Smoke and soot

Got up this morning, smelling smoke. Went outside to find an alarming haze of it all around the rancho. Then I found this at KVUE’s site:

“The smoke smell in the air over North Austin has many people alarmed. There are no new fires in the area. That’s just the wind is blowing the smoke from the other Central Texas fires in our direction.”

The Bastrop forest fire east of the city is only about a third contained. Six hundred Seven hundred eighty-five homes out there have been destroyed so far.

Little pieces of soot are now falling in the back forty. No embers yet.

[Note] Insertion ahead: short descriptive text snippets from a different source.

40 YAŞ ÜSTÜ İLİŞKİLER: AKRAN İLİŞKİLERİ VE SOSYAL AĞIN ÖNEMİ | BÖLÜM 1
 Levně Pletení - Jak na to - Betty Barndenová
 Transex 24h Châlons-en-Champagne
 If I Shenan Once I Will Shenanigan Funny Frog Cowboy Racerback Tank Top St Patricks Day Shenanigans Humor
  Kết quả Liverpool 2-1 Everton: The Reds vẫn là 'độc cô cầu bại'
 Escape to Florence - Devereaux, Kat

0 responses to “Smoke and soot

  1. Dick, hope the embers do not ignite any fires in your neighborhood. Understand that things are so dry in Texas that even a single spark can start a fire.

    Here in Washington, DC and the east coast it is just the opposite. We were already water logged from Irene and now we have gotten four more inches of rain from Lee in the last two days with maybe another two inches tonight and tomorrow before the rain stops! Wish we could send some of our rain to Texas to put out the fires and end the drought.

  2. Weather Bell, a subscriber forecast site I use, says we’re in an analogue of the terrible drought of the 1950s, which means there’ll be no significant rain for us through the winter. I expect the fires will keep burning until there’s nothing left to burn. Might reduce some of our vehicle traffic as the recently-arrived Yankees decamp for moister climes.

  3. Cannot be that good for people with lung issues. But smokers will take it in their stride, I suppose.

  4. The docs already are telling people with lung problems to stay indoors. Not much smoke in the air this morning, fortunately. The brush and forest fires east and west are still burning, but greatly reduced in size.